Fluoxetine and Breastfeeding

For women who are taking fluoxetine, breastfeeding is generally not recommended. In clinical studies on fluoxetine and breastfeeding, the medication was shown to cause sleeping problems, vomiting, and watery stools in babies. Fluoxetine levels in nursing babies can also be as high (if not higher) than those in their mothers.

 

Fluoxetine and Breastfeeding: An Overview

Fluoxetine hydrochloride (Prozac®) is passed through breast milk more than most other similar antidepressants. Because of the potential serious side effects that could occur to a nursing infant, the manufacturer of fluoxetine does not recommended taking fluoxetine while breastfeeding. Therefore, if you are breastfeeding or thinking of breastfeeding, make sure to let your healthcare provider know.
 

Fluoxetine and Breastfeeding: What Does the Research Say?

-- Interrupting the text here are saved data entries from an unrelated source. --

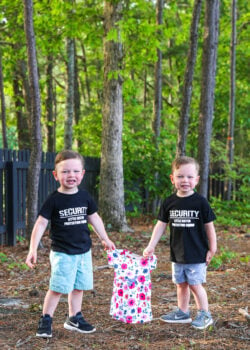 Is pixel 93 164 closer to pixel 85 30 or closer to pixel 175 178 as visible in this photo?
pixel 85 30

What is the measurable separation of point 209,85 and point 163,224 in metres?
5.96

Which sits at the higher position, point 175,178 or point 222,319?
point 175,178

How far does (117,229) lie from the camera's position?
11.1 metres

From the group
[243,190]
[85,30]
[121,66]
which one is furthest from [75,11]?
[243,190]

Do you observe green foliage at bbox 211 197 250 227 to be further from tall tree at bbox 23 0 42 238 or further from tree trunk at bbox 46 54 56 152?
tree trunk at bbox 46 54 56 152

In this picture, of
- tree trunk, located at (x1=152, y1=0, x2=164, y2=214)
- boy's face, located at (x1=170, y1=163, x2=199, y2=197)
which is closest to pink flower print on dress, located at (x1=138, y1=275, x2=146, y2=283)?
boy's face, located at (x1=170, y1=163, x2=199, y2=197)

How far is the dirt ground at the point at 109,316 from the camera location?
390 cm

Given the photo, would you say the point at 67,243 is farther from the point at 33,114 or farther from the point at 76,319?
the point at 33,114

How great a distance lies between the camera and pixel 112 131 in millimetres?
10898

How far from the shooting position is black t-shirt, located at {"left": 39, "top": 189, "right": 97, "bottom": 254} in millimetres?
4109

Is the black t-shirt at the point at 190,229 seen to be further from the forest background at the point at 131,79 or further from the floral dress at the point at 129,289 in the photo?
the forest background at the point at 131,79

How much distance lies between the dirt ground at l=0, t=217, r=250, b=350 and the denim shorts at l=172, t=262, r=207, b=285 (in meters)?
0.41

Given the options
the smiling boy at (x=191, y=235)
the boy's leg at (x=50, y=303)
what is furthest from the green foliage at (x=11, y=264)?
the smiling boy at (x=191, y=235)

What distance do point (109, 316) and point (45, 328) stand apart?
877 millimetres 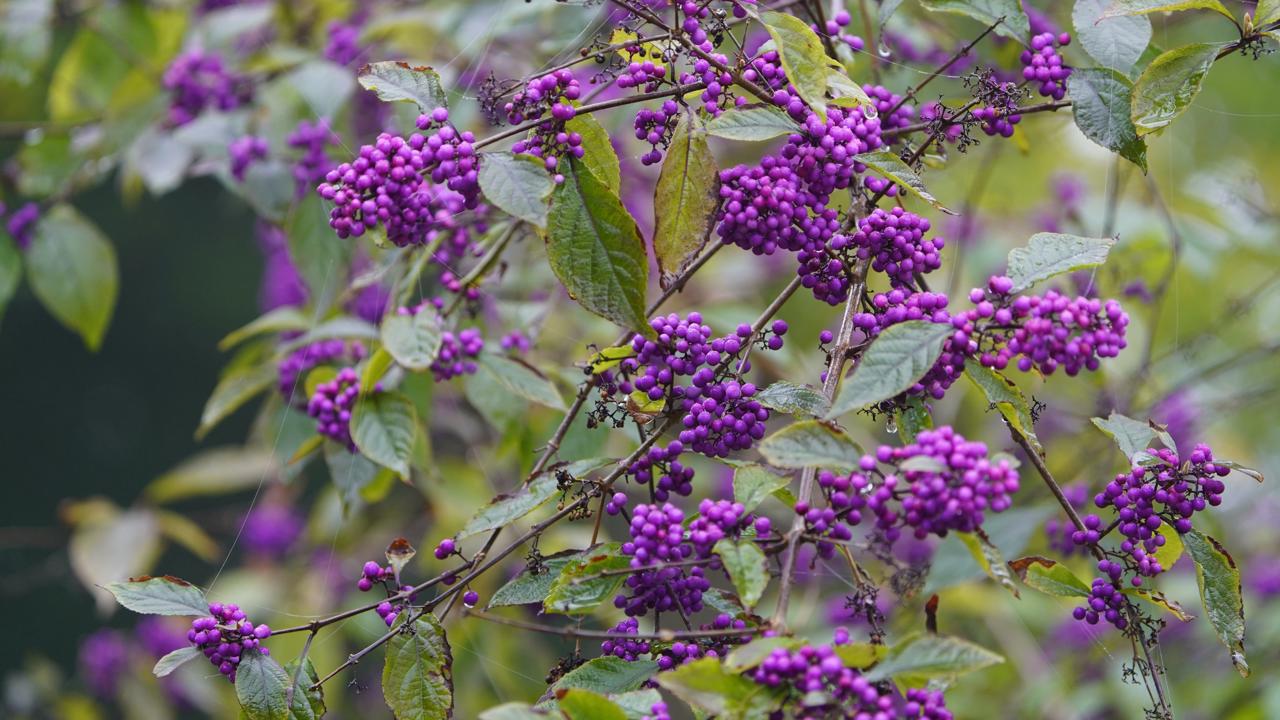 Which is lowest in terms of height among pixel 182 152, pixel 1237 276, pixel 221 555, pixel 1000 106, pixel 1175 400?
pixel 221 555

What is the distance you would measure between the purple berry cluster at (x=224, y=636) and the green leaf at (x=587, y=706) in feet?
1.09

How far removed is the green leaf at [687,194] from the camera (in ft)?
3.27

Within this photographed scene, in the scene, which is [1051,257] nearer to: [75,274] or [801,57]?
[801,57]

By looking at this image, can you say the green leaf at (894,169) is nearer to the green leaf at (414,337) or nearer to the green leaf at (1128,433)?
the green leaf at (1128,433)

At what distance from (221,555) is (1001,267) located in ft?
9.27

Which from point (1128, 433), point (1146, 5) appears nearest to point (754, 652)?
point (1128, 433)

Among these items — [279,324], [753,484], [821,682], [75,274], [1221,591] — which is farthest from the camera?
[75,274]

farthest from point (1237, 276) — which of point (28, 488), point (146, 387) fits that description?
point (28, 488)

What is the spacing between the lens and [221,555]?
12.5ft

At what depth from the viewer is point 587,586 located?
37.0 inches

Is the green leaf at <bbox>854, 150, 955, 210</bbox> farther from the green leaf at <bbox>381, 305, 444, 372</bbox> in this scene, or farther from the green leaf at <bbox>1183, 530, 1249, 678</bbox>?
the green leaf at <bbox>381, 305, 444, 372</bbox>

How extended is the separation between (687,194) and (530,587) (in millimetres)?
409

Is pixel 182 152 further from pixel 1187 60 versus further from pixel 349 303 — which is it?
pixel 1187 60

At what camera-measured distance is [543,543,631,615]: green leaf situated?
3.07 ft
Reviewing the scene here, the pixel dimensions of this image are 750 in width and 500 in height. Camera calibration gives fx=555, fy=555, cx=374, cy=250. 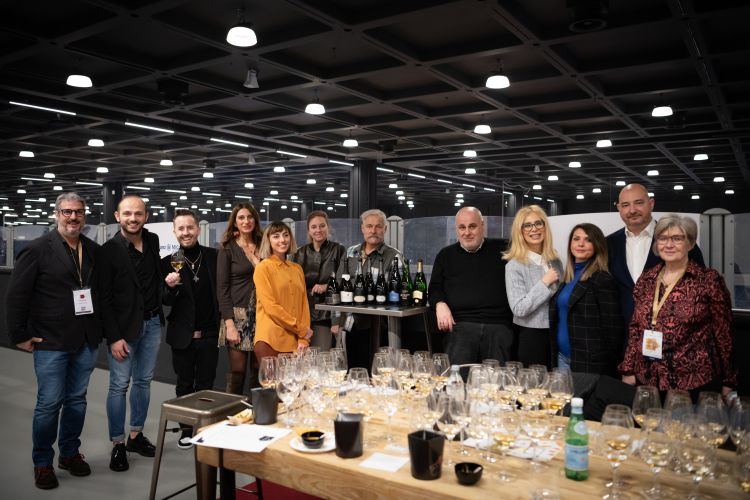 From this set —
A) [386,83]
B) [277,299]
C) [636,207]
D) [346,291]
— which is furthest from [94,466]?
[386,83]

Studies have shown that fluoxetine levels in nursing babies can be as high (or higher) than fluoxetine levels in mothers. Other similar antidepressants, such as Zoloft® (sertraline hydrochloride) or Paxil® (paroxetine hydrochloride), produce almost undetectable levels in nursing babies and may be better choices in mothers who are breastfeeding.
 
According to the manufacturer, there have been reports of the following symptoms in nursing infants whose mothers were taking fluoxetine:
 
  • Crying
  • Sleeping problems
  • Vomiting
  • Watery stools.
     

Talking With Your Healthcare Provider About Fluoxetine and Breastfeeding

You should talk with your healthcare provider about fluoxetine and breastfeeding.
 This is because everyone's situation is different, and your healthcare provider understands your situation best. Based on what you want and expect (as well as your current health situation), you and your healthcare provider can make a shared decision about fluoxetine and breastfeeding in your particular situation.